Managing the risk of the Internet of Things

The Internet of Things (IoT) is growing rapidly, and more devices are going online. Are industry, consumers, and the companies creating products and services and integrating the technologies ready to deal with the security that goes with protecting the devices and users? Industrial network design and best practices can help. See six steps for IoT risk mitigation.


Figure 1 shows the cycle of how IoT software interacts with connected devices, akin to a control engineering process. Courtesy: Leidos EngineeringThe Internet of Things (IoT), or variations of the term, has saturated the media with stories of connected vehicles, networked wearables, home automation, and smart meters. With such significant conversation, one would think that this market was invented yesterday, but, in fact, the machine-to-machine communication that typically interfaces with the physical world via communication networks has been with us for a long time. The less flashy devices known as industrial control systems have been running our electric grids, oil pipelines, and manufacturing plants for decades. Like cloud computing, which partly owes its lineage to the mainframe timesharing concepts of the 1960s and 1970s, IoT has been rebranded.

But notwithstanding the hype, the market for connected devices is shifting. Like cloud technology, IoT is massively larger in scale than its earlier generations and is growing fast. What makes it significant, and a little scary, is its sheer ubiquity, touching consumers and businesses alike. Moreover, the use cases continue to expand from trivial or narrowly focused applications to broad-based and life-critical solutions in health care and transportation.

IoT defined

To understand the risk to IoT, definitions are needed. Clearly, IoT is a somewhat fluid term and owes its name more to media hype rather than to a multi-year standards process. Consequently, it has the "know it when you see it" quality. At its most basic level, IoT implies network connectivity, the use of embedded (or limited computing) devices, and, typically, involves some connection to the physical world, such as measuring temperature, blood pressure, or road vibrations. In essence, it implies network connectivity for everyday devices that traditionally were not considered computers; however, nearly every use of IoT also involves some traditional computer usage. For example, these small, embedded devices usually report their status and receive instruction from a traditional computer workstation, server, laptop, or smartphone. A typical IoT architecture might look similar to what is shown in Figure 1.

It's better to think of IoT as less a series of small devices and more of an ecosystem that requires multiple components to work correctly. The supporting components, while appearing to be normal computing devices, still need to be adjusted for the real-time nature of and massive data often associated with IoT. Computer networks need to be everywhere and optimized for the volume and velocity of the data flows. And the appropriate business logic needs to be devised for what are largely autonomous networks.
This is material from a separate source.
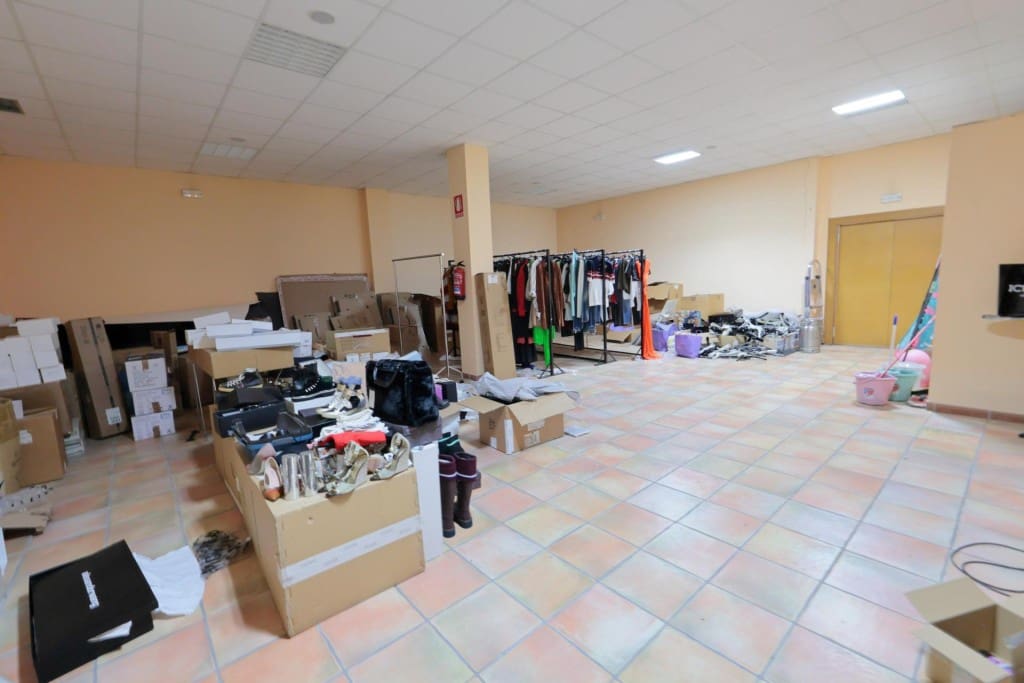 Commercieel te koop in Ponferrada - € 750.000 (Ref: 9790929)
But fundamentally, IoT is about the core components that interact with the physical world. They typically include sensors to measure things like temperature, wind speed, or presence of an object. And they often include actuators that initiate actions like driving a car, turning off power, or injecting insulin. The supporting functions are often the place where the actions are determined, but for some largely autonomous devices, some of those decisions could be made independently based on the input the device receives.
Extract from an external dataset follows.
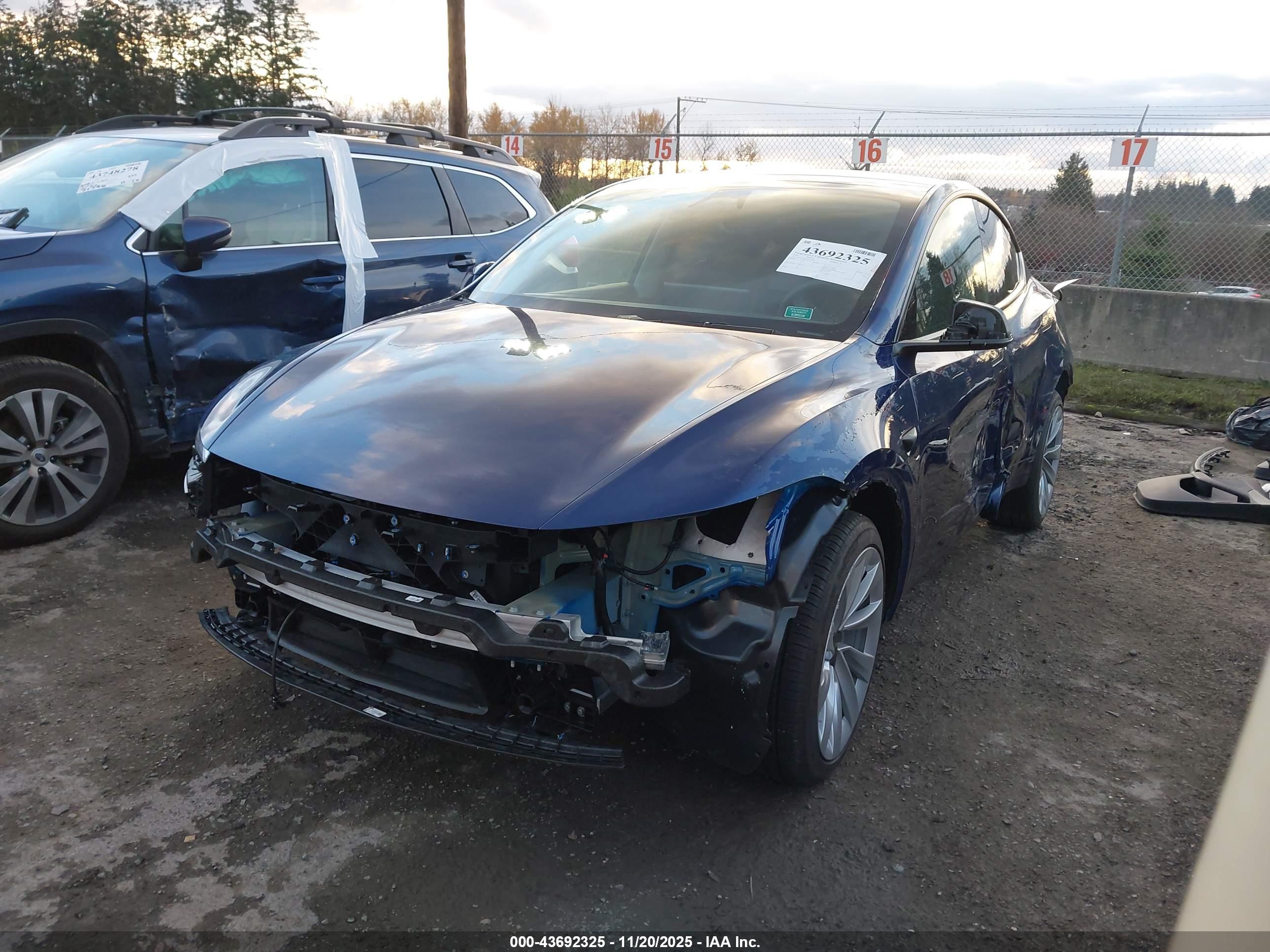 TESLA MODEL image 2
While IoT is still a relatively new concept, core components have had populated industrial networks for decades, and they foretell some of the risks that could potentially be faced. Industrial networks have frequently been the subject of cyber attacks. Unlike traditional information technology components, they are often more vulnerable because many industrial networks were never designed to connect to networks that were linked to a hostile Internet. Instead, those closed networks assumed physical attacks were the threats to guard against.

In addition to interconnectivity challenges, the core industrial devices, such as programmable logic controllers (PLCs), had basic communication protocols that could crash if they received any unexpected data. Moreover, PLCs were essentially designed to process commands from whoever sent them, sometimes with little or no authentication. That meant that if the industrial networks were not sufficiently isolated or properly defended, compromise was more likely with real physical consequences.

IoT threats are real

Threats have been executed through IoT.

  • Nearly two decades ago, a disgruntled former employee used network access to remotely release sewage.
  • In 2007, researchers demonstrated that a generator could be destroyed by remotely opening and closing circuit breakers rapidly.
  • In 2014, hackers broke into the industrial network of a German steel mill and prevented a blast furnace from shutting down. 
  • With respect to the more modern IoT devices, a researcher hacked his insulin pump, others managed to compromise smart meters, and, in a segment aired on "60 Minutes," Defense Advanced Research Projects Agency (DARPA) scientists remotely controlled automobile brakes.

These examples show how securing billions more of IoT devices, deploying them on a wide variety networks, and connecting some of them directly to the Internet will continue to pose great challenges.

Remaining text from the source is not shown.